I think if you want to have an elite "private" group ride, perhaps don't advertise it and have it leave at the same time, from the same location, as the "B" group ride?

To the OP, I don't think you did anything wrong, but I'd find a more friendly group to ride with. You should be able to find a group that rides hard but has nice folks in it without too much of a problem.


----------



## sw150 (Jul 29, 2009)

Check out Bike Masters. They have 2 rides a week and are a great bunch of guys. Its one of those kind of shops where you can go and just hang out. So much now the wife gets mad at me. 
http://www.bikemastersomaha.com/


----------



## spade2you (May 12, 2009)

mcsqueak said:


> I think if you want to have an elite "private" group ride, perhaps don't advertise it and have it leave at the same time, from the same location, as the "B" group ride?


A good chunk of the local rides around here will have a strong A group and more of a recreational group taking off at the same time. Usually the first couple of hills will sort out who is in which group.


----------



## new_rider (Jun 8, 2011)

Sounds like you shouldn't let this bother you and just find a nicer group of people to ride with and who will enjoy your company.


----------



## Hooben (Aug 22, 2004)

I hate when cyclists act like that, thankfully not to often around where I'm from. Let it bother you, I would. They should not advertise even the A group slogan. They should just ride off and contact themselves with texts or facebook. Really sad that there are riders out there so stuck up on themselves like that. What a shame.


----------



## andulong (Nov 23, 2006)

Luckily you get to choose whether to ride with them or not...sounds like an easy choice! This is supposed to be fun..unless you are getting paid.


----------



## spade2you (May 12, 2009)

Hooben said:


> Really sad that there are riders out there so stuck up on themselves like that. What a shame.


Since I know most of the riders personally, I can assure you that they're not stuck up. They're very serious and it's usually a great hammerfest. That's the goal of this ride with the A group. Unfortunately, the B group wasn't there, although I can't recall the B riders being particularly strong in numbers on that ride on a regular basis. They have a lot of miles to cover as fast as possible. They helped make me a stronger rider over the years.

That being said, there are all sorts of rides around town and the schedule has remained the same for quite a while, other than most shops finally putting an end to 5pm rides due to lower turnout, given work schedules.


----------



## kbwh (May 28, 2010)

From the OP story I guess part of the problem is that they were't actually expecting to suddenly have him at the back of the group. A few words would have been good, though, explaining what the ride was about, and recommend OP to let the group go. I would not under any circumstances have let OP into the paceline, that's for sure.


----------



## Kai Winters (Aug 23, 2009)

I'd send your post, letter form, to the owner of the shop and the manager.
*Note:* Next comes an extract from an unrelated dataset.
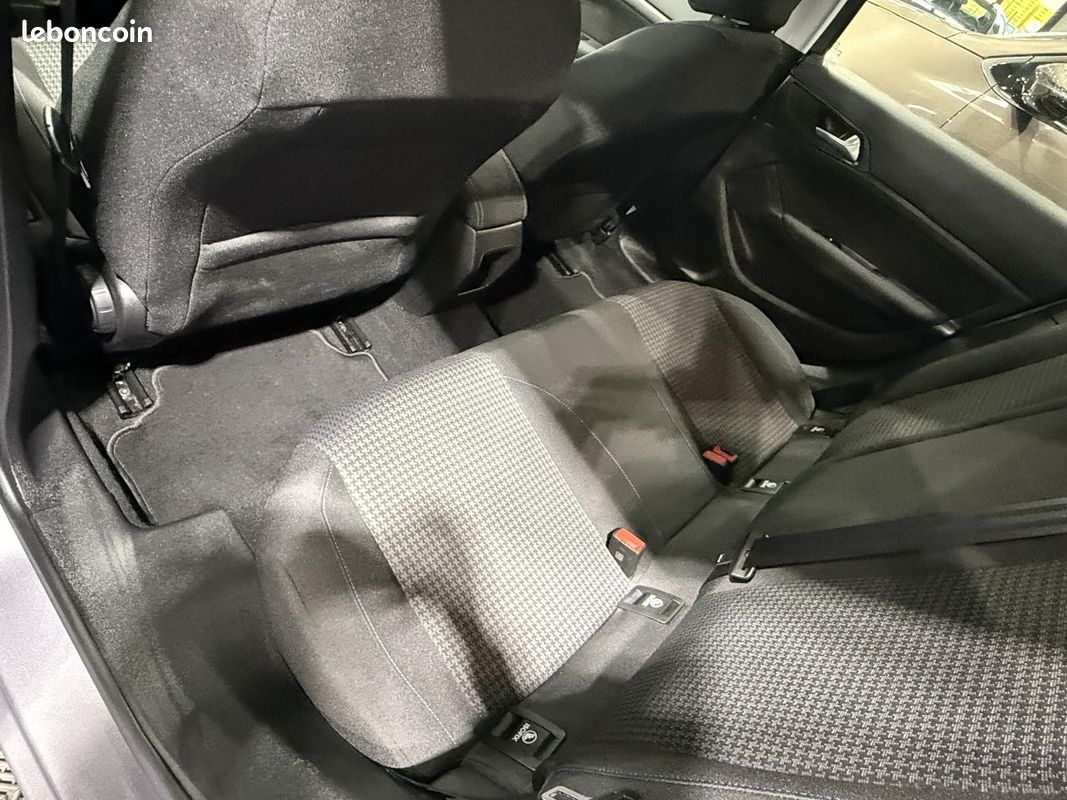 Peugeot 308 1.2 puretech 110 style start-stop (image 36)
I'd also include the forums link and ask if they thought this was respectful and appropriate for them to act considering it seemed to be part of the shop and reflects poorly on the shop, its' integrity and respect for others.

It would be interesting to see if they respond and how they respond.
Be sure to post their response here for us to read.

Not all shops are like that...matter of fact the vast majority welcome new riders and usually will tell a new rider, especially one that is unknown to the riders, what sort of ride it is, no prisoners, etc.
Shop rides are as much advertising for the shop as it is for the ride itself and welcoming new riders generally means sales and a new face/customer in the shop for at least a tube.

Too bad you were treated so rudely but it was nice that the "drop him" tactic didn't work...that must have been great to see...good on you mate.
Keep us informed.


----------



## forge55b (Jan 30, 2011)

spade2you said:


> Since I know most of the riders personally, I can assure you that they're not stuck up. They're very serious and it's usually a great hammerfest. That's the goal of this ride with the A group. Unfortunately, the B group wasn't there, although I can't recall the B riders being particularly strong in numbers on that ride on a regular basis. They have a lot of miles to cover as fast as possible. They helped make me a stronger rider over the years.
> 
> That being said, there are all sorts of rides around town and the schedule has remained the same for quite a while, other than most shops finally putting an end to 5pm rides due to lower turnout, given work schedules.


Not stuck up to you maybe but to complete stranger that just wants to ride, according to the OP, pretty much a group of dicks. I guess it could be elitist or they just don't like new comers but regardless of skill level, sounds like they are jerks to people they don't know. Perhaps they just lack social skills.


----------



## Matador-IV (Aug 2, 2010)

Well.....you weren't on a Trek, so your chances of 'keeping up' were pretty slim.....those bikes are FAST!!


----------



## spade2you (May 12, 2009)

forge55b said:


> Not stuck up to you maybe but to complete stranger that just wants to ride, according to the OP, pretty much a group of dicks. I guess it could be elitist or they just don't like new comers but regardless of skill level, sounds like they are jerks to people they don't know. Perhaps they just lack social skills.


Perhaps they're Cat 2 and 3 racers. We can play that game that all racers are snobs, but this is designed to be a very tough ride. Between the heat, wind, and still recovering from last weekend's efforts, I wouldn't have been able to hang with them, either. It's known for being one of the hardest local rides and that's not going to change. 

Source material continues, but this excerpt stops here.